QINNs: Quantum-Informed Neural Networks

TL;DR

QINNs integrate quantum information concepts into neural networks, using quantum Fisher information matrices to improve particle collision analysis, offering enhanced interpretability and expressivity in collider data modeling.

Contribution

This paper introduces QINNs, a framework that incorporates quantum information measures into classical neural networks, demonstrated through jet tagging with improved expressivity and physical interpretability.

Findings

QFIM-based embeddings improve jet classification accuracy.

QINNs reveal physically meaningful patterns in collider data.

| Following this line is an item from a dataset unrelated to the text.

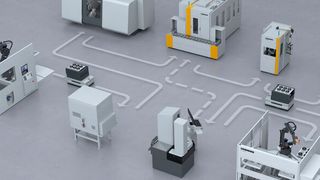 Fahrerlose Transportsysteme eröffnen neue Möglichkeiten bei der Vernetzung von Maschinen und Anlagen.  (Liebherr)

Enhanced model interpretability with quantum-inspired features.

Abstract

Classical deep neural networks can learn rich multi-particle correlations in collider data, but their inductive biases are rarely anchored in physics structure. We propose quantum-informed neural networks (QINNs), a general framework that brings quantum information concepts and quantum observables into purely classical models. While the framework is broad, in this paper, we study one concrete realisation that encodes each particle as a qubit and uses the Quantum Fisher Information Matrix (QFIM) as a compact, basis-independent summary of particle correlations. Using jet tagging as a case study, QFIMs act as lightweight embeddings in graph neural networks, increasing model expressivity and plasticity. The QFIM reveals distinct patterns for QCD and hadronic top jets that align with physical expectations. Thus, QINNs offer a practical, interpretable, and scalable route to quantum-informed analyses, that is, tomography, of particle collisions, particularly by enhancing well-established deep learning approaches.